→ **Exercise goal**: Transcribed word for word, the lines below from the one with "의원들의 발언 경청하는 정동영 의원" through the last line of the records form the answer; no picture is to be included.

→ **Source material**:
-- -- --
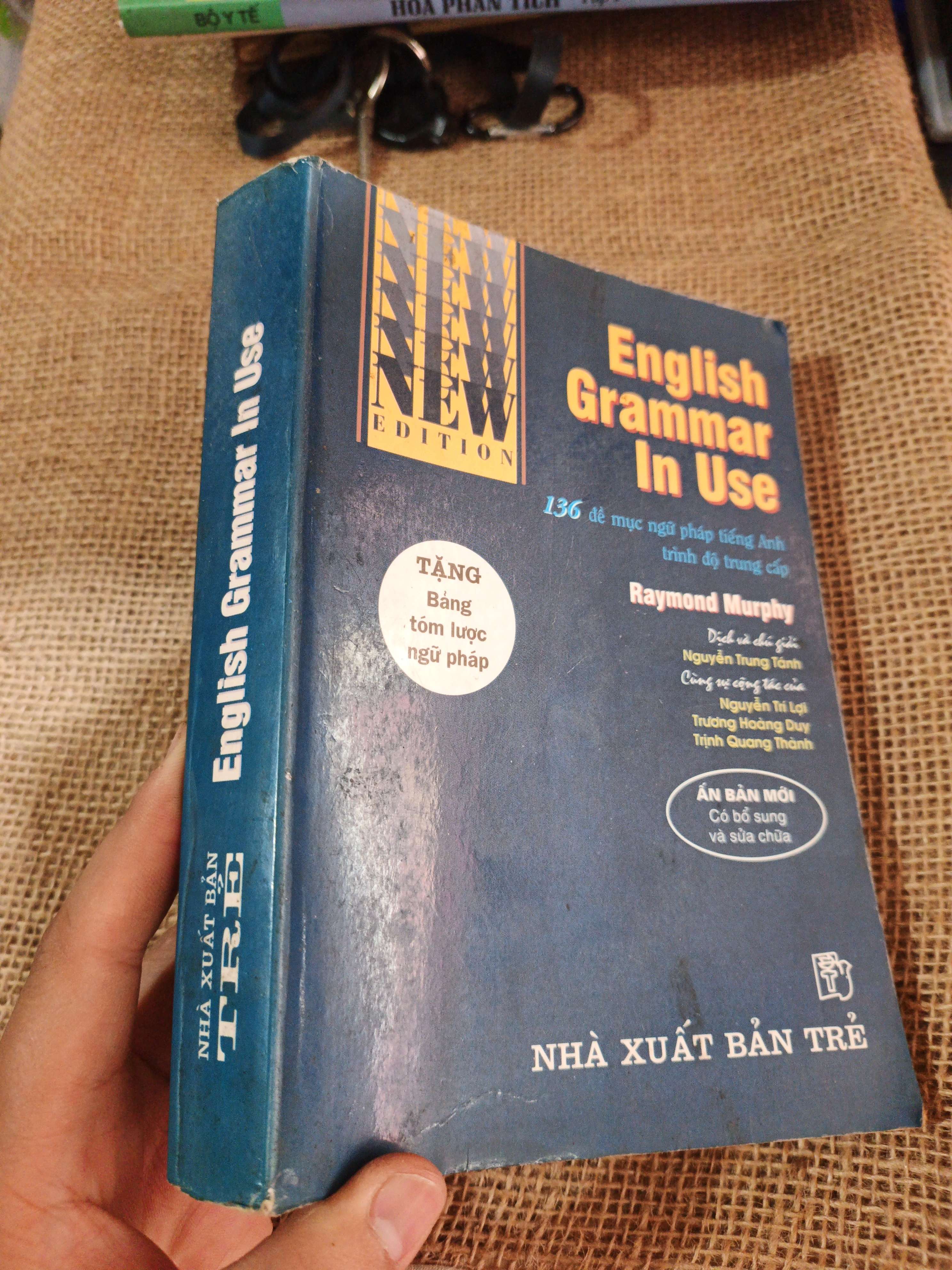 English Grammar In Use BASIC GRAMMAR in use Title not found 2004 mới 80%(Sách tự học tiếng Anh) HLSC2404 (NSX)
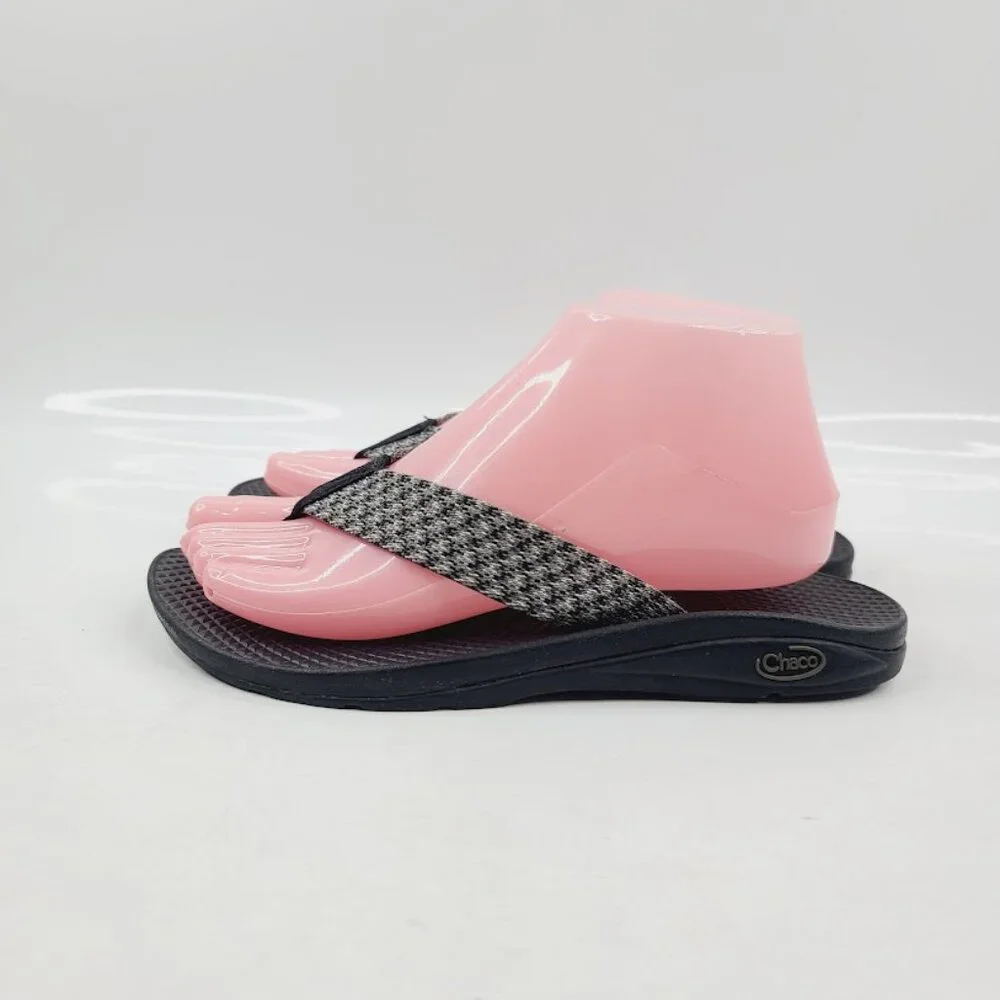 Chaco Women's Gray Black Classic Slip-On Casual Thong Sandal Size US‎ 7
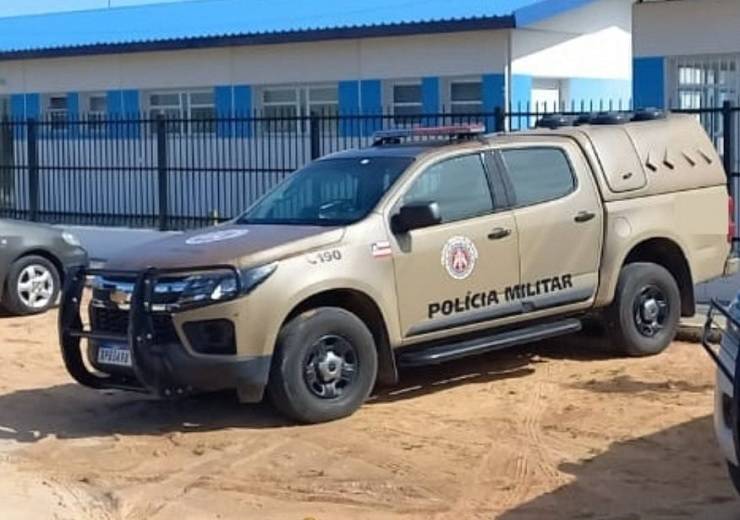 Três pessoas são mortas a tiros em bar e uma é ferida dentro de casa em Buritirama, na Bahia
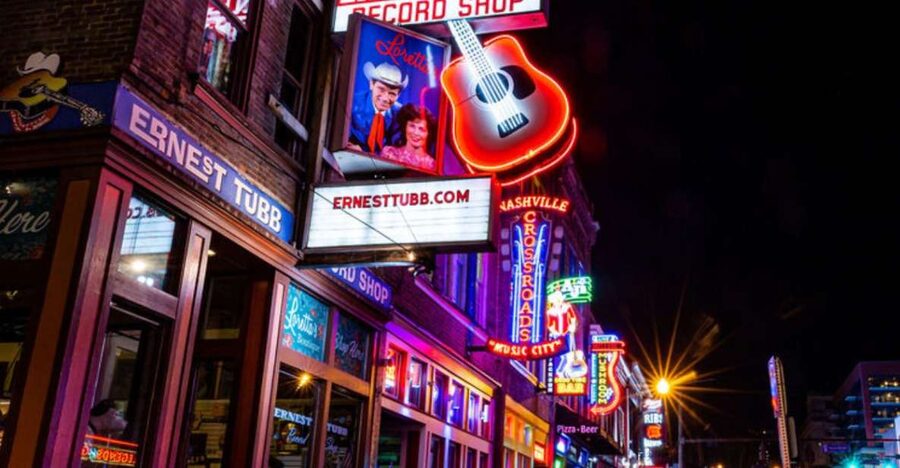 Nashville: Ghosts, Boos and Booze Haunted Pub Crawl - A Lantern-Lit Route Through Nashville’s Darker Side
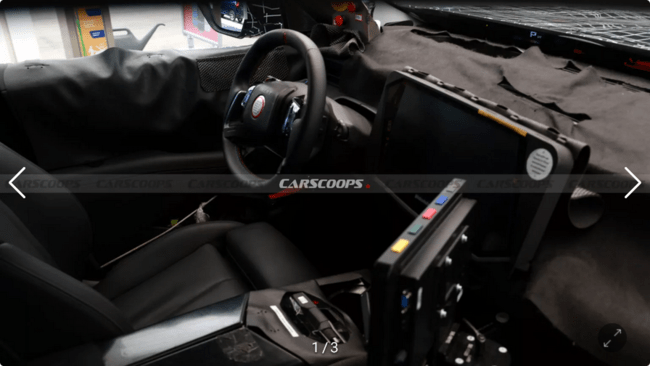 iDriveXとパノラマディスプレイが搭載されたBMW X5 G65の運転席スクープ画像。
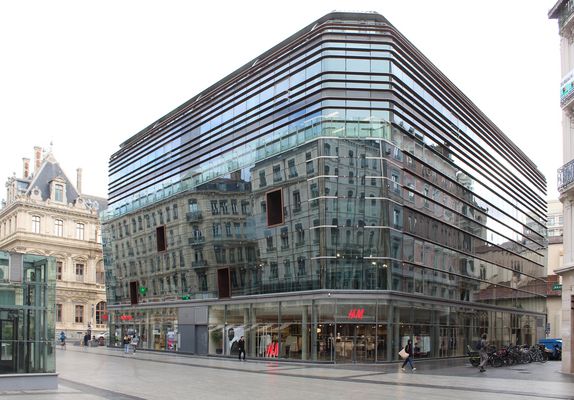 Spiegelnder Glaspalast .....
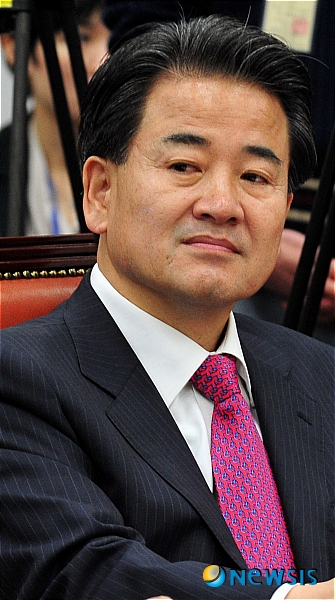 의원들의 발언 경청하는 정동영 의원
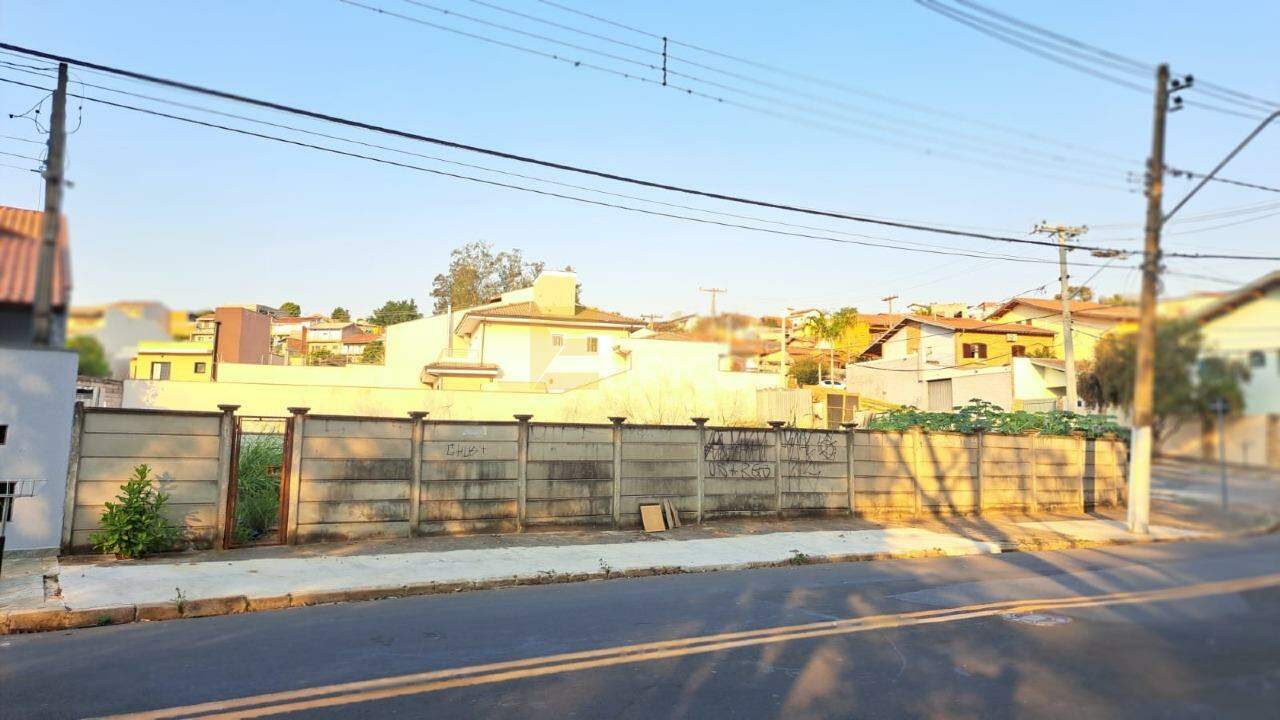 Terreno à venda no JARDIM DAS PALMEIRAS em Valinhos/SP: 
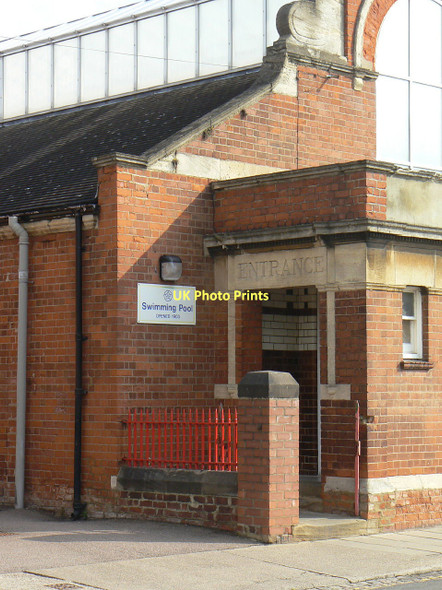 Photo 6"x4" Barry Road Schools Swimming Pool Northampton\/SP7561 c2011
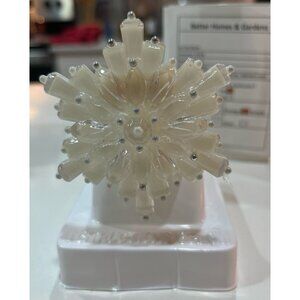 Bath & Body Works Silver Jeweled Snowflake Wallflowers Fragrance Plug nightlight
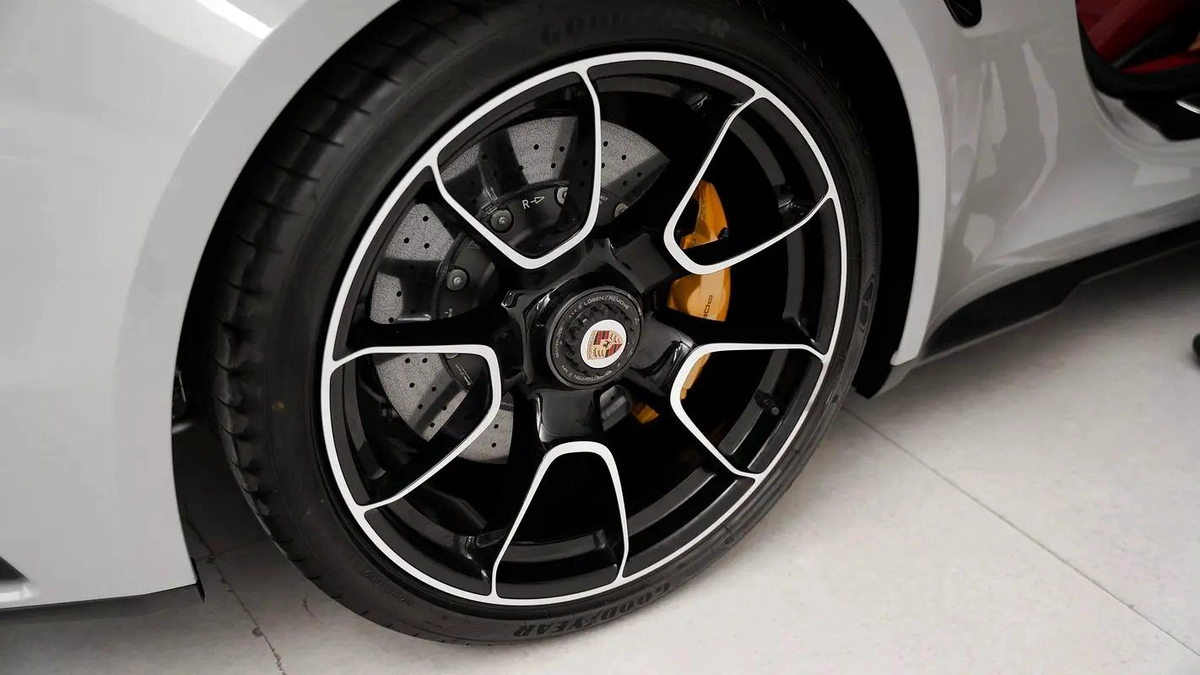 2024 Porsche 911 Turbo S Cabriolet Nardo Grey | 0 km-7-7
-- -- --
→ **Solution to this problem**:
 의원들의 발언 경청하는 정동영 의원
 Terreno à venda no JARDIM DAS PALMEIRAS em Valinhos/SP: 
 Photo 6"x4" Barry Road Schools Swimming Pool Northampton\/SP7561 c2011
 Bath & Body Works Silver Jeweled Snowflake Wallflowers Fragrance Plug nightlight
 2024 Porsche 911 Turbo S Cabriolet Nardo Grey | 0 km-7-7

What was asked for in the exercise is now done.